After his meeting, Frank went down to check on our pup, only to find that she had disappeared. There was no sign of how she could have gotten out of the fenced yard. We searched the neighborhood, made signs, and spent weeks visiting shelters after work. Our only thought is that someone heard her cries and came into the unlocked yard to take her.
It was our first tragedy as a young family and I wondered if we would ever get another dog or if we would be competent parents with our own human children. After lots of processing and finally accepting the reality that we had lost our puppy, we decided to start thinking about a new dog. The more pragmatic side of me wondered if we had missed our window of opportunity to train a dog before tax season. Frank, who is far more optimistic, said we would figure out the timing – we wanted a dog, and we should look for a dog.
This time around, we went to Lifeline Puppy Rescue, where I fell in love with a bear cub-like, energetic, jumping puppy. Frank wasn’t as sure, but little Daisy and I bonded as she snuggled into my lap. We took her home with us that day and before we made it to our house, had stopped at Petsmart for ID tags.

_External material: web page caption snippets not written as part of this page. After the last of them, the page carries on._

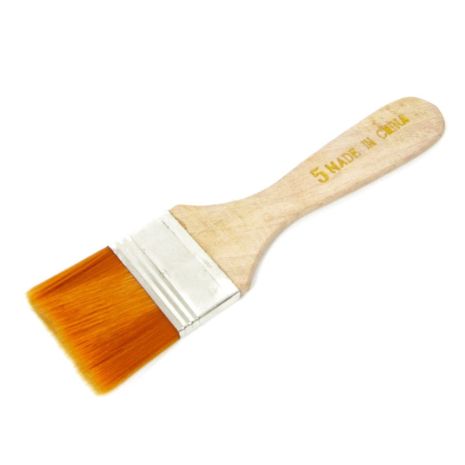 Кисточка антистатическая Kaisi №5 (деревянная ручка 12 см, щетина 3.5 х 2.5 см)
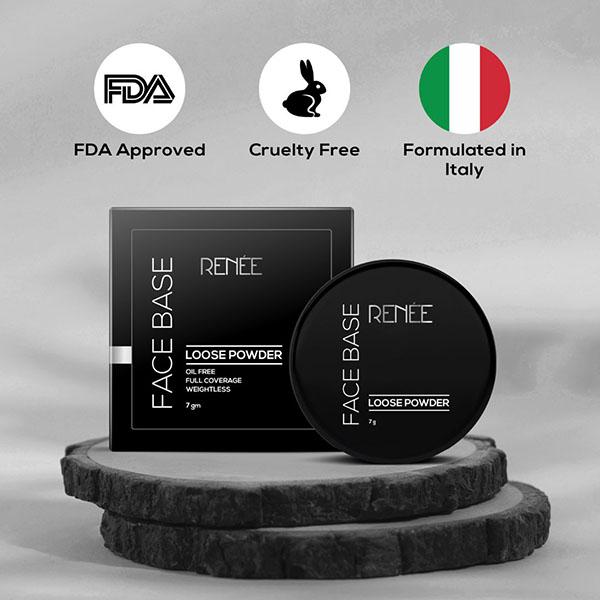 RENEE Face Base Loose Powder - Translucent 7 gm - Loose Powder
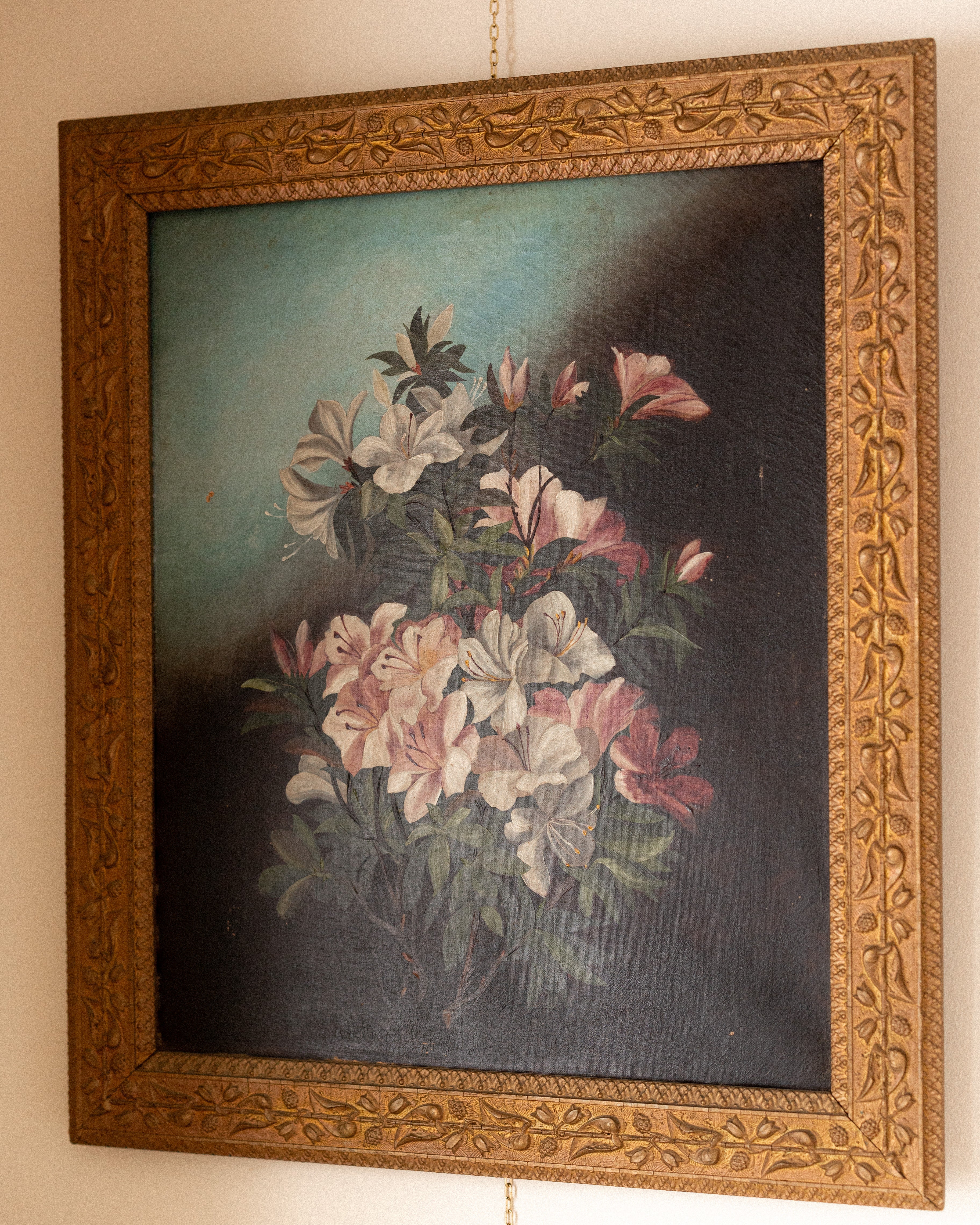 19th Century Azalea Floral Still Life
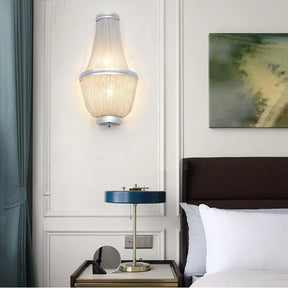Aluminum Chain Wall Sconce for Living Room - detail 6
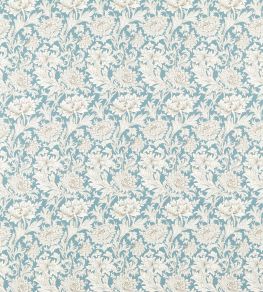 Chrysanthemum Toile Fabric by Morris & Co Slate Chrysanthemum Toile Fabric by Morris & Co Slate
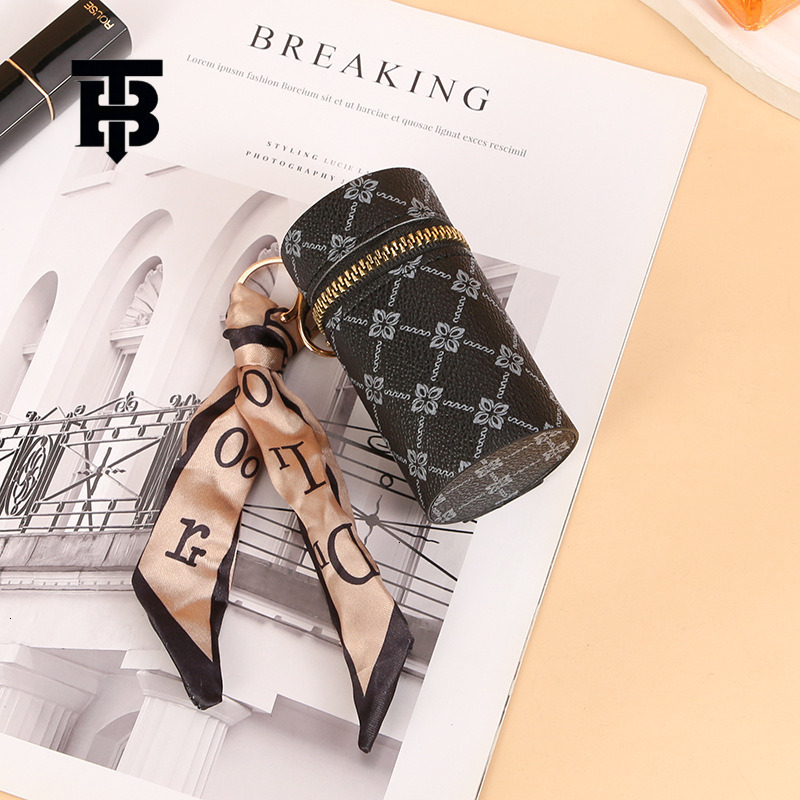 TB BHULAMTE Free Shipping New Designer Accessories Cross-border New Keychain Pendant Old Flower Internet Celebrity Pendant Fashion Lipstick Bag Creati
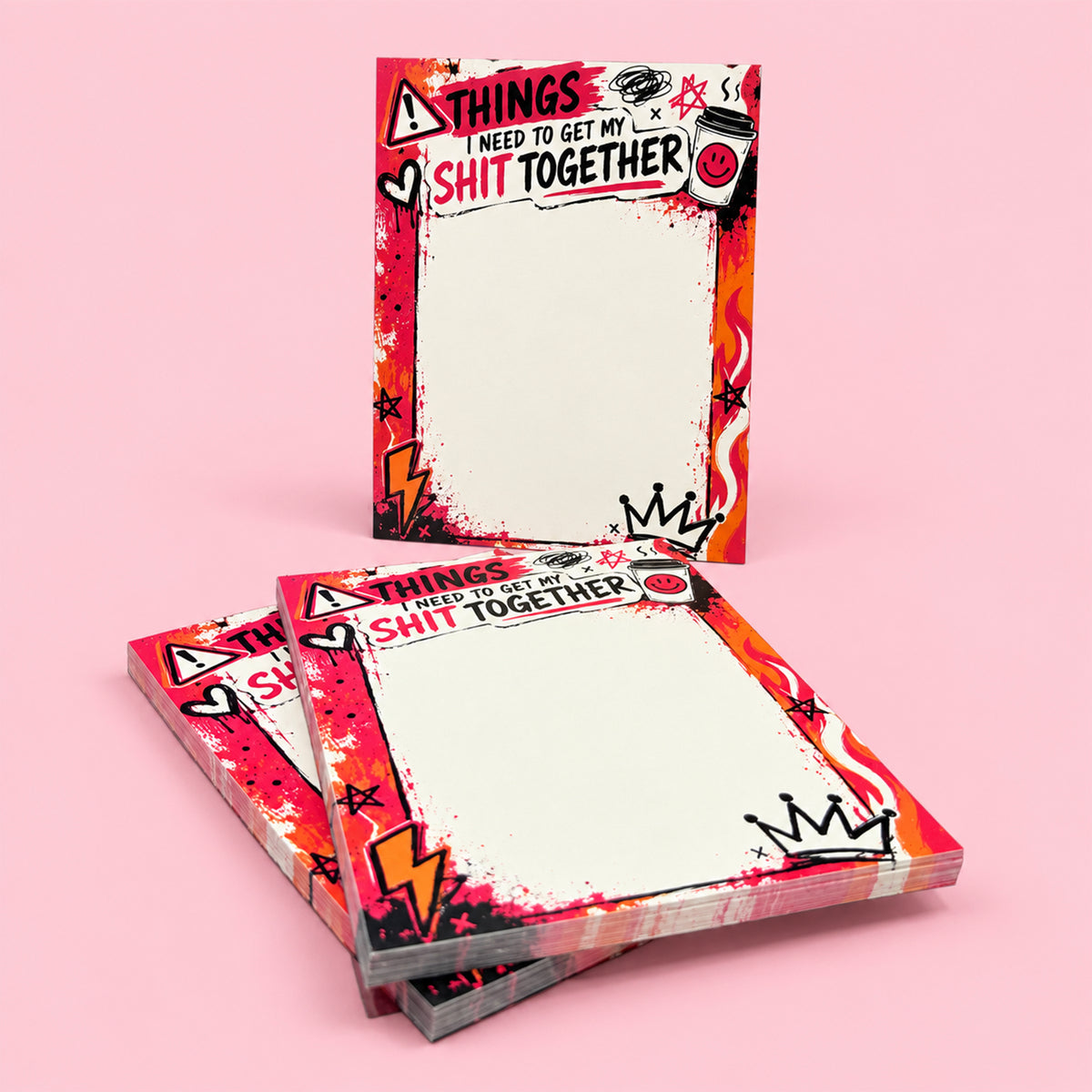 Hot Mess Headquarters Small Notepad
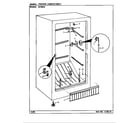 Maytag DF20HX/X5Z53 freezer compartment diagram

Daisy Deux never went to the office. We kennel trained her to stay at home and she happily became a one-family dog. We did a puppy training class that ended a week before the craziness of tax season began, and now, five years later, I can’t imagine better timing for our first “child.”
The past few weeks have been a lesson in timing for me. I am reminded that any time I have made plans for the perfect timing of something, life happens and things usually don’t go the way I planned. From professional opportunities, marriage and family, to kids and pregnancy, opportunities and interactions come along that are completely out of my control. And, in hindsight, the imperfect timing of it all is actually more perfect than I could have planned.
I’m not sure I’ll ever stop planning my life – it’s part of who I am. But, I can learn to adjust as I go. I’m slowly learning to hold my plans loosely and to go with the flow when twists and turns occur. And as much as I love planning, I love looking back on the imperfections of my plans to realize how amazingly everything has fallen into place.